An exhibition that surveys this tool and its products is on view at the Abbe Museum in Bar Harbor, Maine, until December 31. The show, entitled Mocotaugan: The Story and Art of the Crooked Knife, contains about fifty pieces, made from the nineteenth century to the present. A nineteenth-century birchbark canoe, snowshoes, and splint baskets are among the objects made with a mocotaugan included in the show.
Mocotaugan is first noted in French in Sebastien Rasles's Dictionary of the Abenaki Language in North America, written in the 1690s, and it first appears in English on a list of trade goods recorded by the Hudson's Bay Company in 1748, where it is the only Indian word on the list. Stylistically there are a few regional and tribal differences between mocotaugans made in the three regions of the Woodlands: the northeast maritime, the western Great Lakes, and the Iroquois. As European immigrants settled in these regions, the decoration on the handles began to exhibit recognizable influences affiliated with England, France, Germany, Holland, Ireland, and Scandinavia. Among these borrowed motifs are fleurs-de-lis, shamrocks, and various other flora, including, after 1876, the Canadian maple leaf.

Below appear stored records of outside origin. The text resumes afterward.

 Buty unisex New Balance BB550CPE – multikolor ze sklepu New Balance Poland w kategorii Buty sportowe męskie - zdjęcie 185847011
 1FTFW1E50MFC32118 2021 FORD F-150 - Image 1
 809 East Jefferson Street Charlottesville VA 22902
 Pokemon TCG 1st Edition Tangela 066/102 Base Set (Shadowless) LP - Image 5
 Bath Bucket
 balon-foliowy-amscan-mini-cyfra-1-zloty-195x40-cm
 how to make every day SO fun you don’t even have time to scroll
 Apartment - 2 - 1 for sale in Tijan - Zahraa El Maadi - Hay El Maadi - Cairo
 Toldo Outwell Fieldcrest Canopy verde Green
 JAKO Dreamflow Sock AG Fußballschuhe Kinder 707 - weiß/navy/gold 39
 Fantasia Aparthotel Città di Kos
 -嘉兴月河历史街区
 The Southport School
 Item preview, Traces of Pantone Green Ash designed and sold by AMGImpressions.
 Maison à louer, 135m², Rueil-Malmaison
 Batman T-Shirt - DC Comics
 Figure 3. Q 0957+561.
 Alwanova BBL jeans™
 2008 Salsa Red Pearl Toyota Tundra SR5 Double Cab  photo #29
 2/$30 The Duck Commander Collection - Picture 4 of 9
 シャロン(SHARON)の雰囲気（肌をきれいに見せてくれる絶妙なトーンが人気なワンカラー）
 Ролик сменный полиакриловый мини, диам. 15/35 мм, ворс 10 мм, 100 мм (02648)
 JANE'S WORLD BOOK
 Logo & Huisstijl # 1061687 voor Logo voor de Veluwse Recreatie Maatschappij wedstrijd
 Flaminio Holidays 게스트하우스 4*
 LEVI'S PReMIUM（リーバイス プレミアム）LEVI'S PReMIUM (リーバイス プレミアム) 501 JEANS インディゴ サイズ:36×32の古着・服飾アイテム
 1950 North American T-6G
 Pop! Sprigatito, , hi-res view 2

There is no catalogue of this exhibition, but an excellent and now out-of-print book (from which much of this write-up is drawn) is available through the Internet. It is entitled Mocotaugan: The Story and Art of the Crooked Knife: The Woodlands Indian's Indispensable Survival Tool, and is written by the collectors Russell Jalbert and his son, Ned Jalbert, who have loaned many pieces to this exhibition. The book may be downloaded from www.mocotauganthebook.com.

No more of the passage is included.